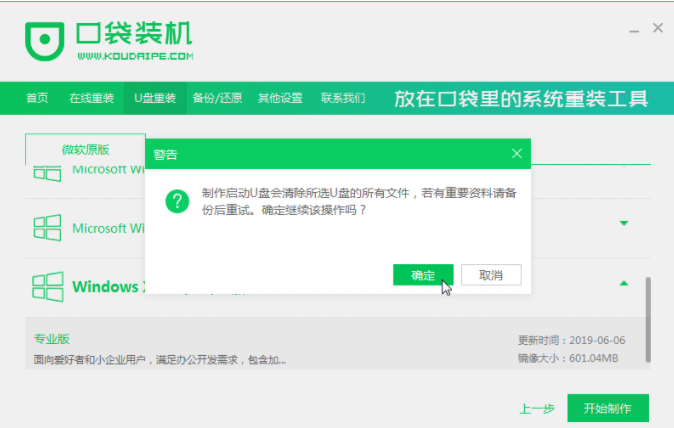 1634976029112829.png image.png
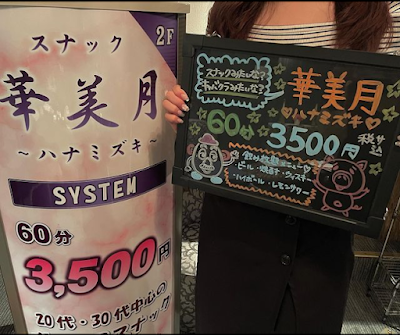 スナック 華美月 사진 3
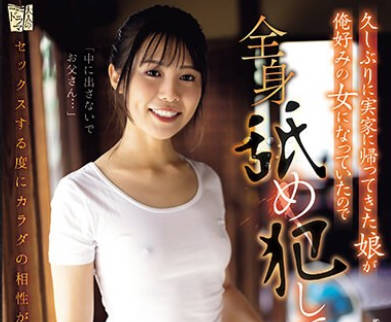 [searchlist:name]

★ ★ ★

The task. Would you transcribe all of the data exactly, omitting any pictures?

Answer to this task.
 1634976029112829.png image.png
 スナック 華美月 사진 3
 [searchlist:name]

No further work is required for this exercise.